### WORK TO BE COMPLETED
Please output every record below exactly as written, leaving out any pictures.

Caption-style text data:

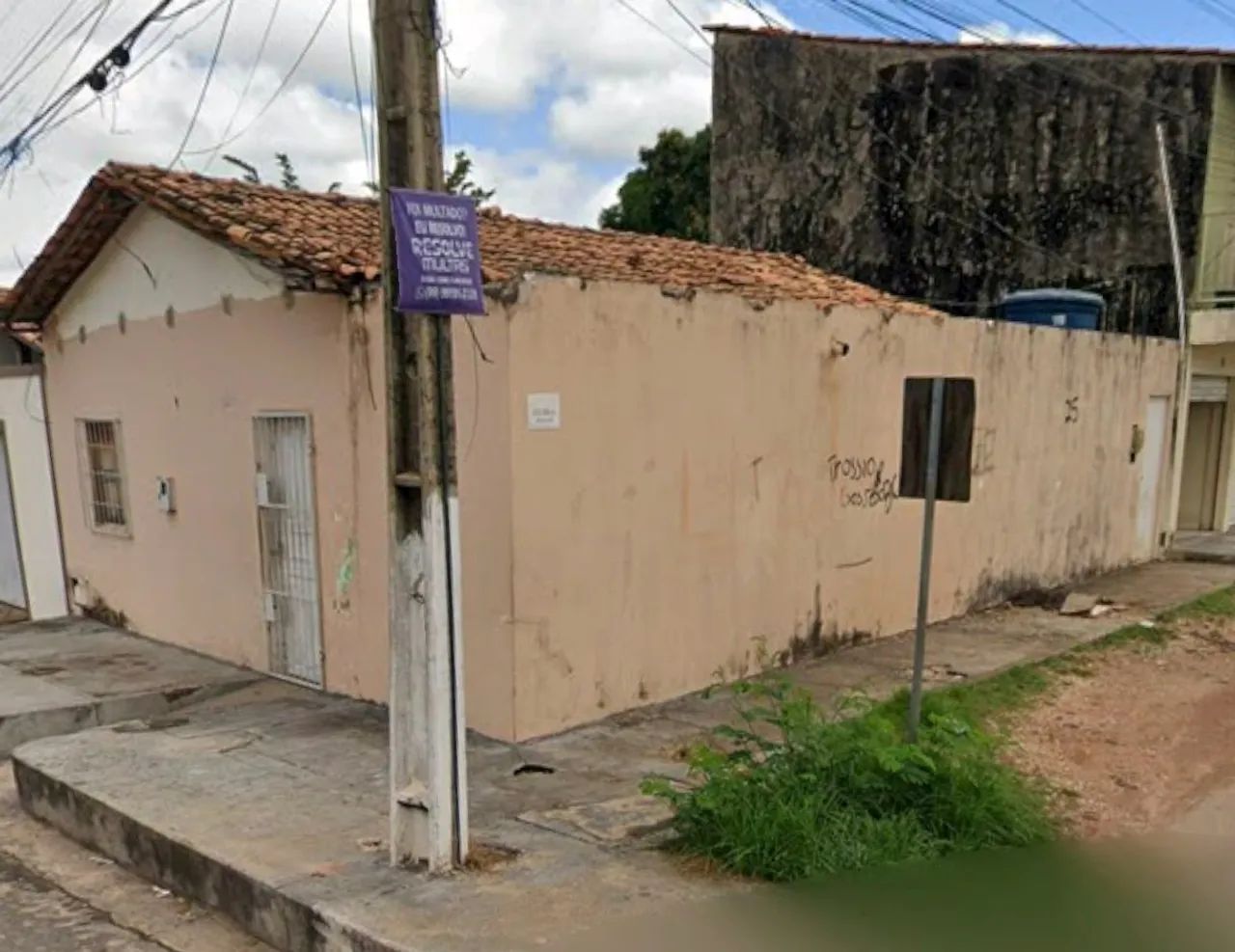 Casa a Venda - Foto 2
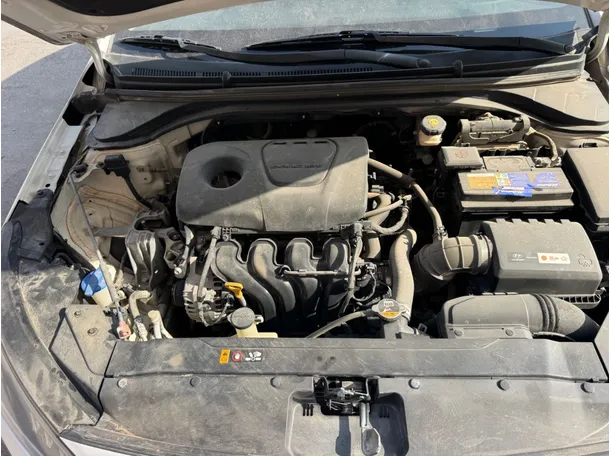 Car image 21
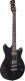 Revstar Element Rse20 Black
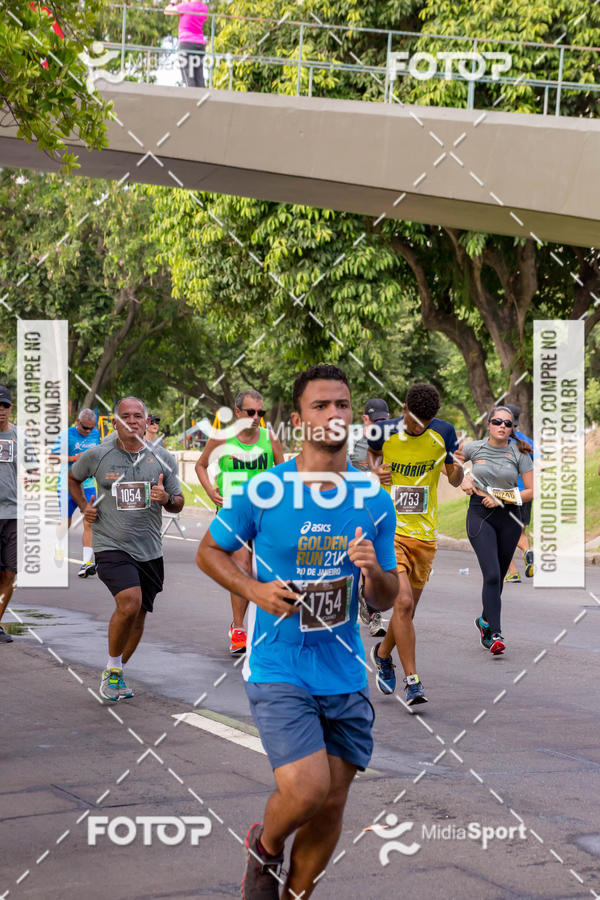 Buy your photos of the eventCircuito das Estaes 2018 - Outono - Rio de Janeiro on Fotop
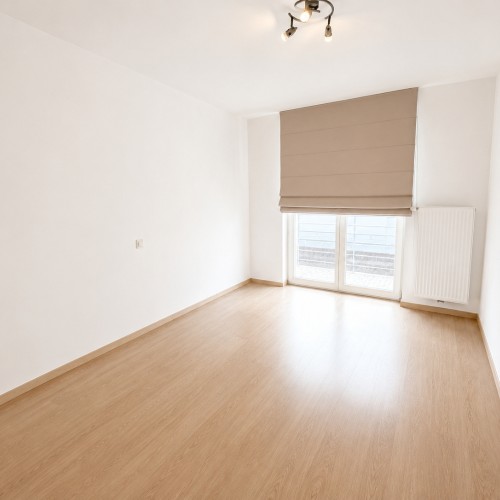 Appartement te huur Blankenberge - Caenen 3521451 - 3746001023000109743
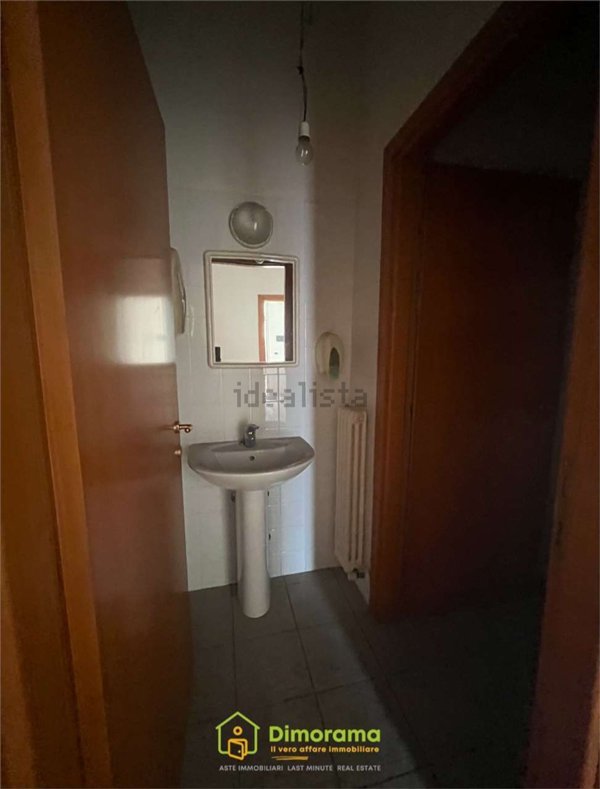 ufficio in vendita a Rimini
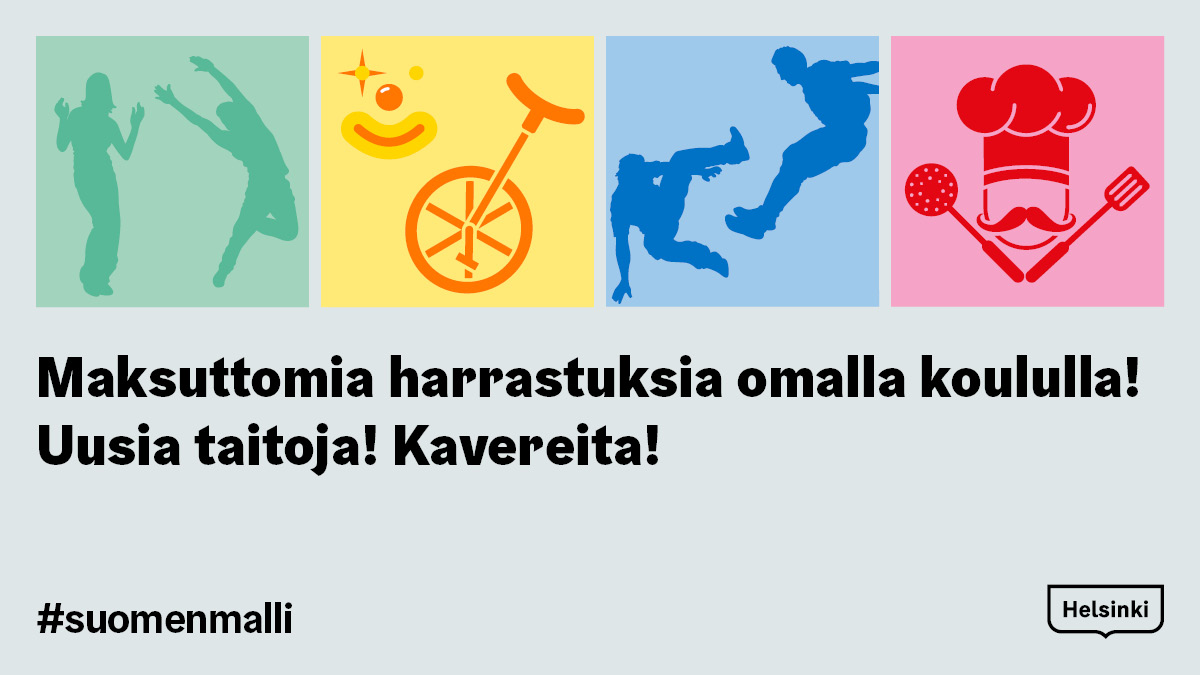 Uutisen kuva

### TASK SOLUTION
 Casa a Venda - Foto 2
 Car image 21
 Revstar Element Rse20 Black
 Buy your photos of the eventCircuito das Estaes 2018 - Outono - Rio de Janeiro on Fotop
 Appartement te huur Blankenberge - Caenen 3521451 - 3746001023000109743
 ufficio in vendita a Rimini
 Uutisen kuva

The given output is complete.